Business / Companies

Fall in Japanese investment 'set to continue'

By Li Xiang (China Daily) Updated: 2015-06-18 06:58

Japanese companies will keep scaling back investment in China due to a poorer economic outlook, but the improved political climate between the countries will help to prop up investment activities, Japanese trade officials said on Wednesday.

"The prospect this year remains gloomy in terms of the number of Japanese investment projects in China, which is unlikely to rebound to the previous high level," said Yoshihisa Tabata, director-general of the Beijing office of the Japan External Trade Organization.

Tabata was speaking at a news conference held by the Japanese Chamber of Commerce and Industry in China to mark the release of its annual white paper on Japanese enterprises operating in China.

According to the paper, 46.5 percent of Japanese companies intend to expand their operations in China in the next two years, compared with 66.8 percent in 2011. It cited a survey conducted by the Japanese organization in October and November.

The white paper, first published in 2010, analyzes critical issues facing Japanese companies in various sectors and regions in China.

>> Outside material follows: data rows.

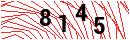 Security Verification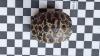 2 Strahlenschildkröten,  Astrochelys Radiata NZ 23 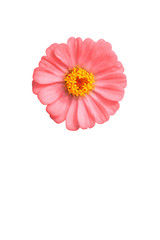 Pink zinnia flower isolated on a white background with vibrant colour close up. One single flower head.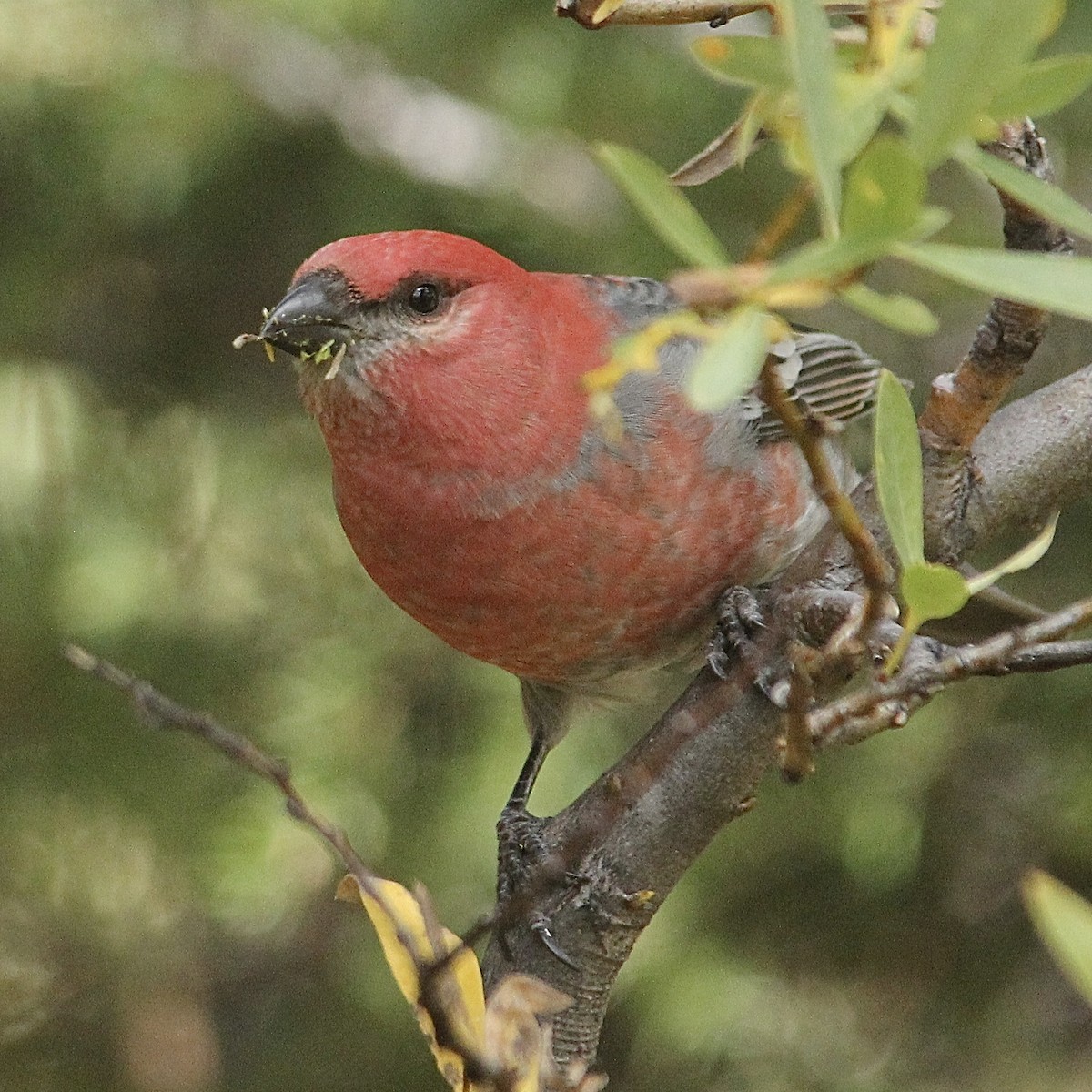 Pine Grosbeak - ML642417697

In the first four months of this year, Japanese investment in China stood at $1.44 billion, a year-on-year fall of 7.8 percent, according to the Chinese Ministry of Commerce.

The trend is likely to continue this year due to the slower Chinese economy, rising labor costs and depreciation of the yen, according to analysts.

Last year, the value of Japanese investment in China contracted by nearly 40 percent to $4.3 billion.

But Kazuaki Tanaka, chairman of the Japanese chamber in China, said economic activities will benefit from improved bilateral political relations.

This was demonstrated by the recent meeting between President Xi Jinping and Japanese Prime Minister Shinzo Abe and the visit to China last month by a 3,000-member Japanese delegation.

Tanaka said Japan wants to sign the China-Japan-South Korea Free Trade Agreement as soon as possible.

China remains a key market with vast potential for Japanese companies focusing on Chinese consumer markets, although the country's appeal is declining for export-oriented Japanese enterprises, Tabata added.

Wang Zhile, a researcher at the Chinese Academy of International Trade and Economic Cooperation, said declining Japanese investment reflects the overall trend of foreign direct investment in China, which has entered a period of slower growth.

Wang said the value of Japanese investment in Southeast Asian countries is double the value of such investment in China, which should serve as an alarm for China's top policymakers.